§ **Task directions**
Output the data below only from the line containing "Unknown Manufacturer EVG9904" up to and including the line containing "Brzdový kotouč Brzdový kotouč VALEO 197236", exact and with the pictures left out.

§ **Materials provided**

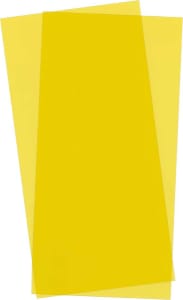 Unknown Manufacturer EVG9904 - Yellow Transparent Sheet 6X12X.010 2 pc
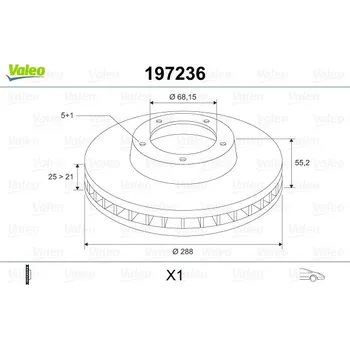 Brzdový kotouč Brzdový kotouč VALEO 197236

...

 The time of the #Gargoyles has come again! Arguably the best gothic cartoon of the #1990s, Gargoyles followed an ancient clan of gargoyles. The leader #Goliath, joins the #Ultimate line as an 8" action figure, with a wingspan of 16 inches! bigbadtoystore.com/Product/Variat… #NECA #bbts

==

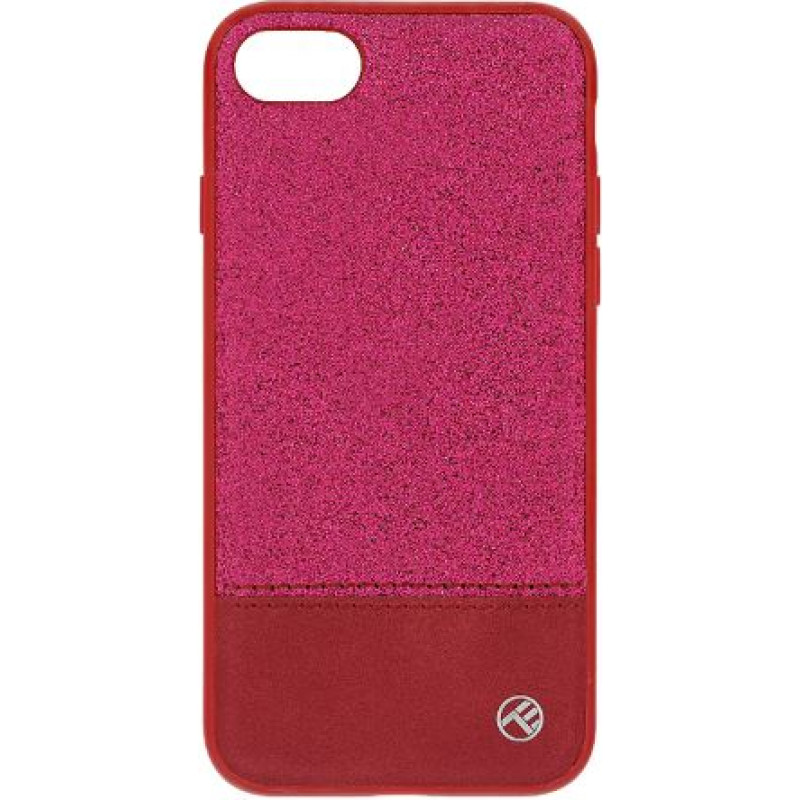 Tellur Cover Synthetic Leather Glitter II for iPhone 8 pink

§ **Solution to this exercise**
 Unknown Manufacturer EVG9904 - Yellow Transparent Sheet 6X12X.010 2 pc
 Brzdový kotouč Brzdový kotouč VALEO 197236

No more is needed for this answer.